Not only does the Academy have fantastic science and technology, but it draws a large number of military retirees (together with nearby Fort Carson, Peterson Air Force Base, and the Cheyenne Mountain NORAD facility). This community creates a rich resource of amazingly accomplished professionals looking to continue in working retirement and is advertised by the city in recruiting new tech-based businesses.

Like many places in the West, there are conservative extremes (such as Douglas Bruce and James Dobson's Focus on the Family) but these are mostly institutional. You'll equally find a bunch of environmentalists, hipsters, and other socialists there - for those hitting on this post looking for information, take a gander at the Colorado Springs Independent, the area's alt-weekly fishwrapper.
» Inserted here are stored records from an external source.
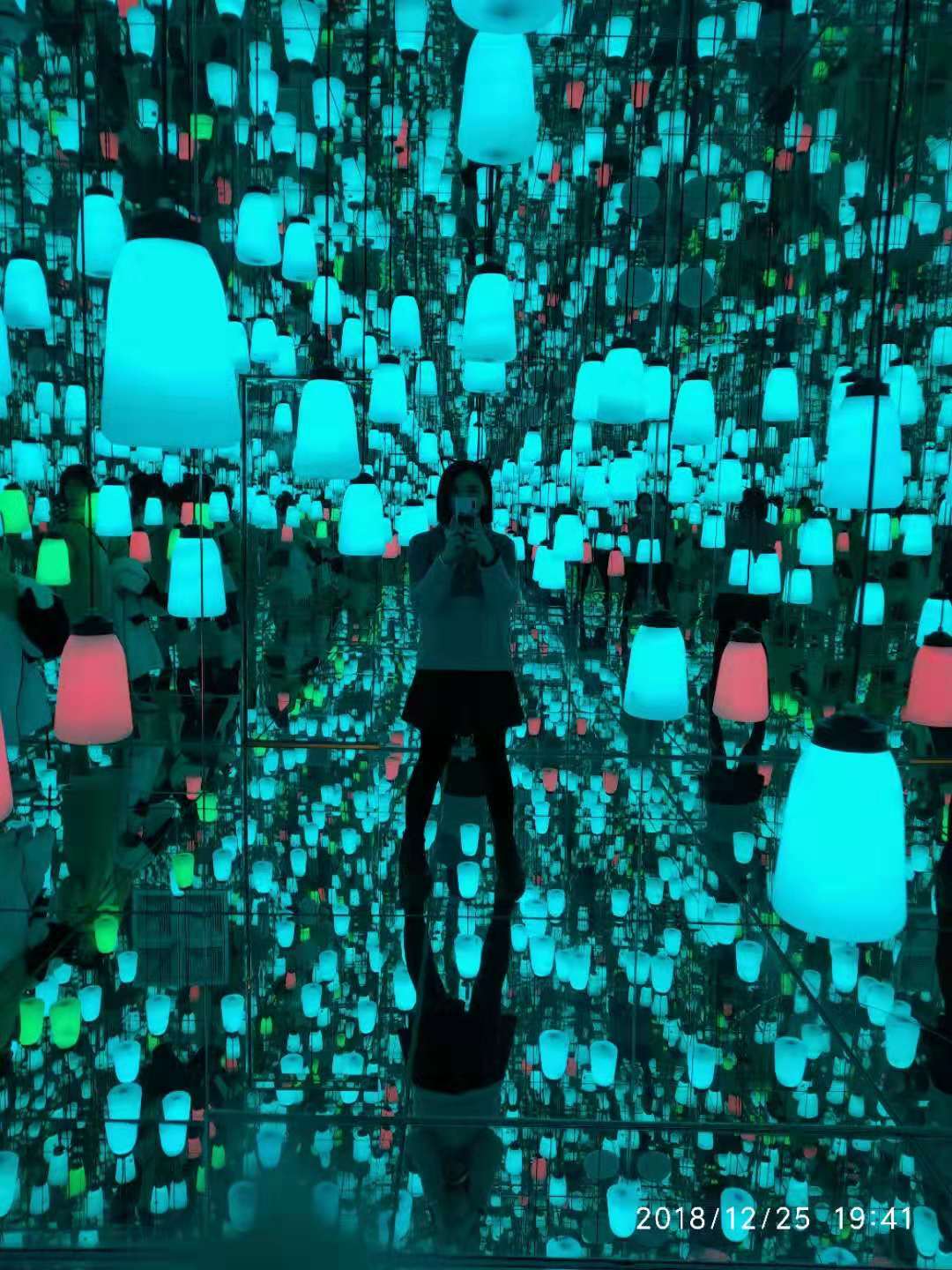 121563722434_.pic.jpg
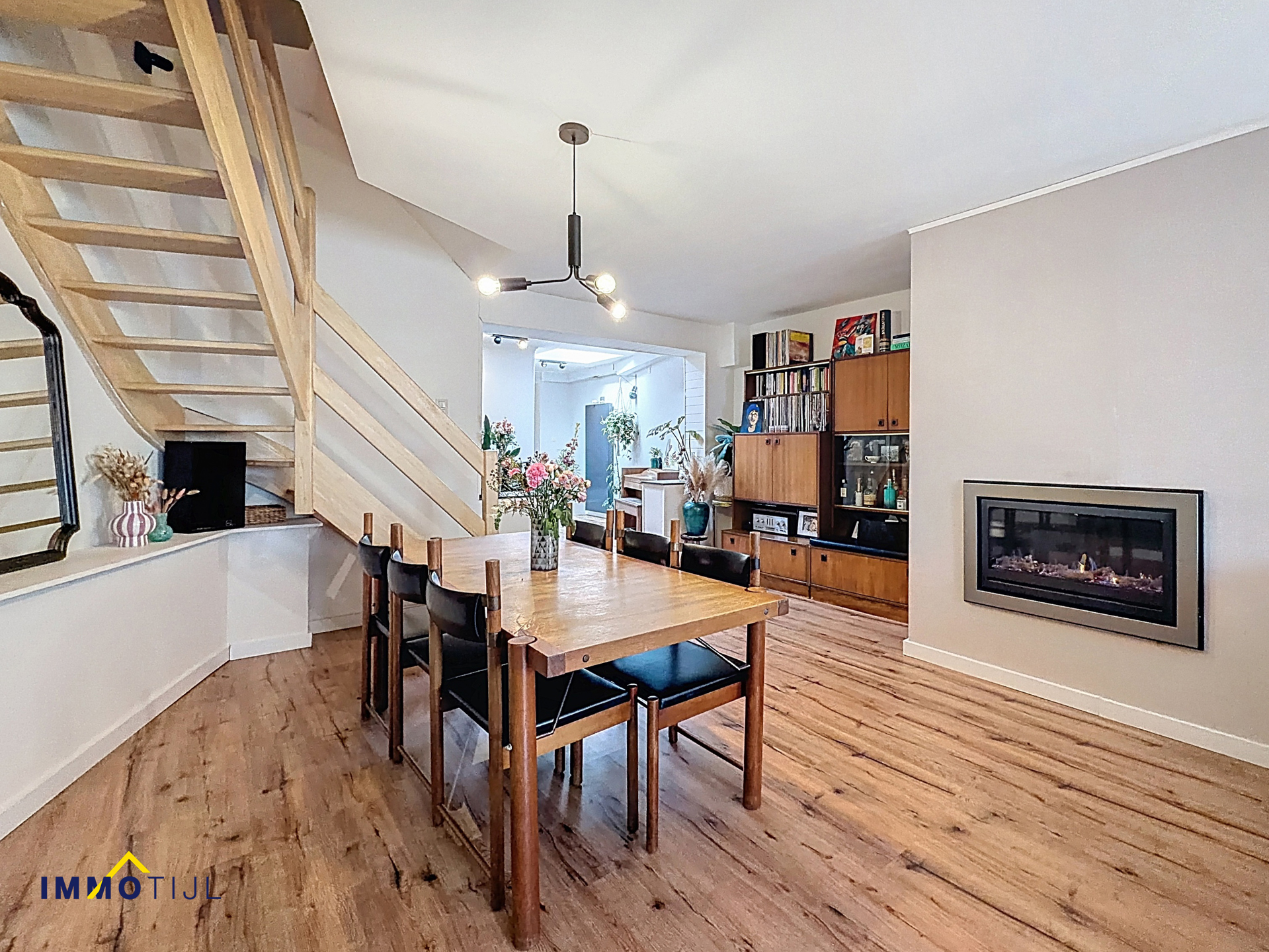 Recent vernieuwde woning met tuin in hartje Aalst! - foto 5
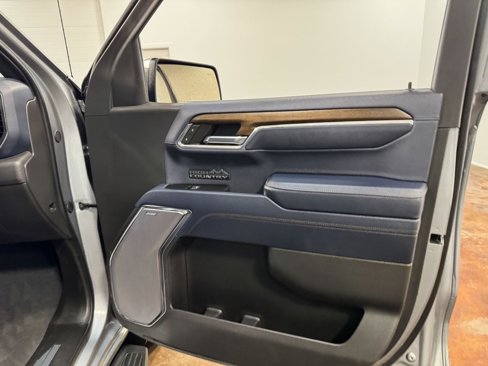 Used 2024 Chevrolet Silverado 1500 High Country image 75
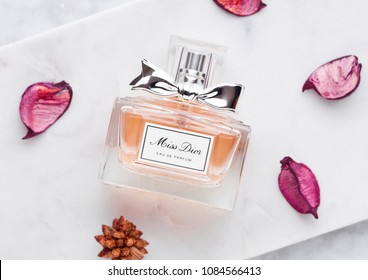 Dior の画像 写真素材 ベクター画像 Shutterstock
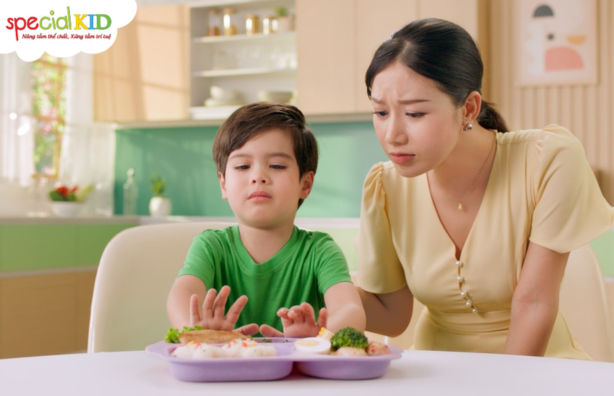 chán ăn là một trong những dấu hiệu biếng ăn | Special Kid
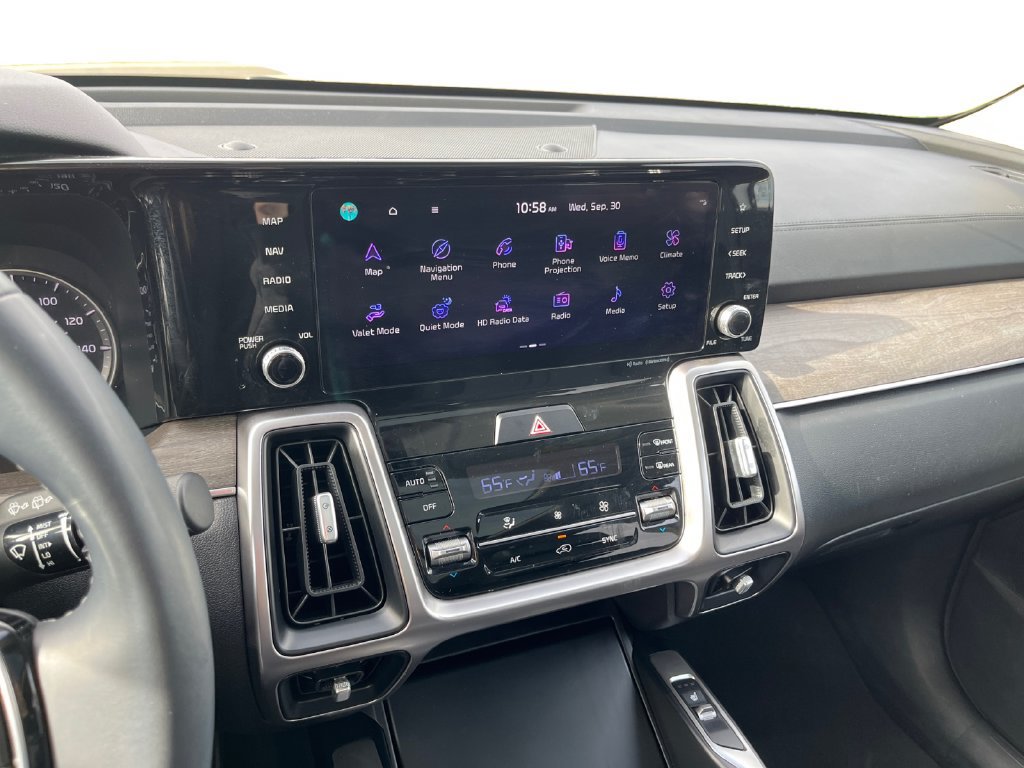 Used 2023 Kia Sorento S w/ Panoramic Sunroof Package AWD/4WD image 14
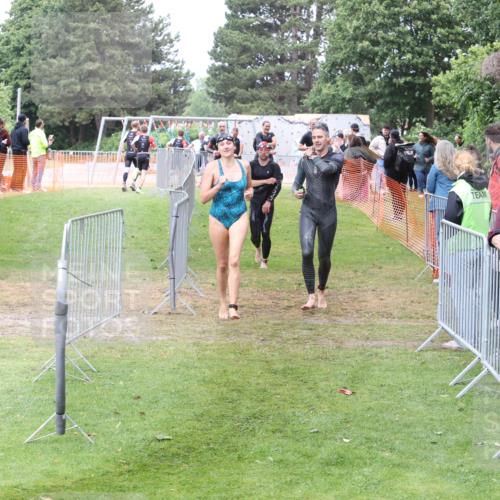 14.06.2026 - 7 Türme Triathlon Andreas Tolksdorf http://msf.ph/oto/9812489 14.06.2026 11:37:17 Schwimmen  meine-sportfotos.de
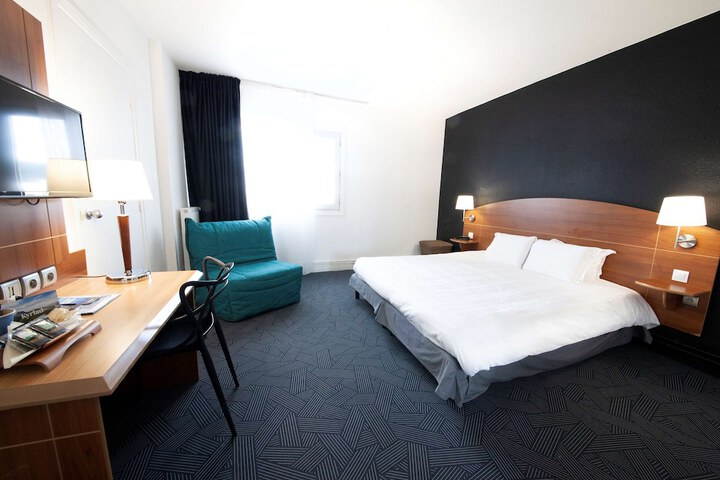 Room 13 of 42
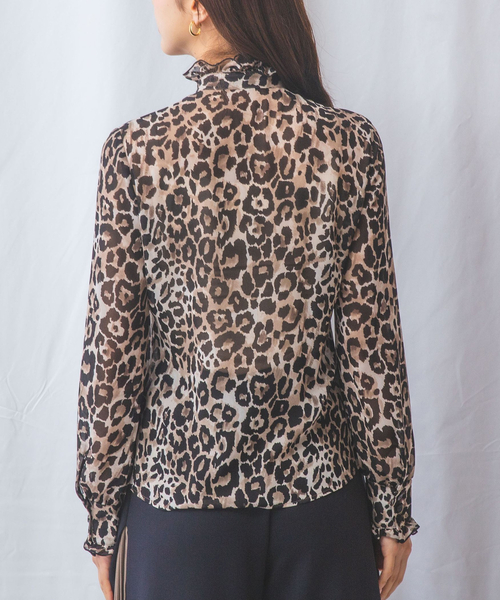 NARACAMICIE（ナラカミーチェ）の「【NARACAMICIE】ヒョウ柄フリル長袖ブラウス（シャツ/ブラウス・レディース・グレー/ブラウン・L/S/M）」の6枚目の写真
The reasoning behind the FDA targeting "grandfathered" drugs and compounded medication is the mighty dollar. The FDA has become one of the largest divisions of the US government. They have expanded to tabacco, food, dietary supplements, drugs and have attempted to regulate compounding. To accomplish each of these tasks they will need to hire many more agents and mid level managers. Where to find the funds? Require all drugs to have New Drug Apllications and Fees. The FDA should be broken up in to smaller government agencies as quickly as possible.

It may be surprising to realize that companies introduce new unapproved drugs routinely with some of these older ingredients -- seemingly without regard to whether the formulation, patient populations, and labeled dosing are safe or effective. Health professionals prescribe and dispense them without realizing there are risks associated with many of them. Consider the example of prescription infant cough/cold products--specifically labeled for infants as young as one month of age (with AGE-based dosing). Many contain brompheniramine or another antihistamine with a decongestant and/or cough suppressant. There is no evidence to support safety or efficacy in children this young - in fact evidence supports NOT using them. There are no such products approved by FDA for infants this young - yet there are multiple such prescription products on the market...with labeled dosing recommendations that have never been reviewed by FDA or scrutinized by anyone beyond the manufacturer); these recommendations get integrated into our drug information references...and the misperception-cycle continues. The unapproved drugs situation is a bigger problem with greater patient risks than many in healthcare realize - although that is beginning to change. Look to recent issues of Pediatrics for articles in the past year and a half related to adverse events including deaths in young infants. Awareness is increasing - and many of us are shocked to realize the magnitude of the problem. Incidentally, FDA does not charge fees for ANDAs; they also have assistance programs for working with small companies to help them bring their products into compliance when an NDA is required.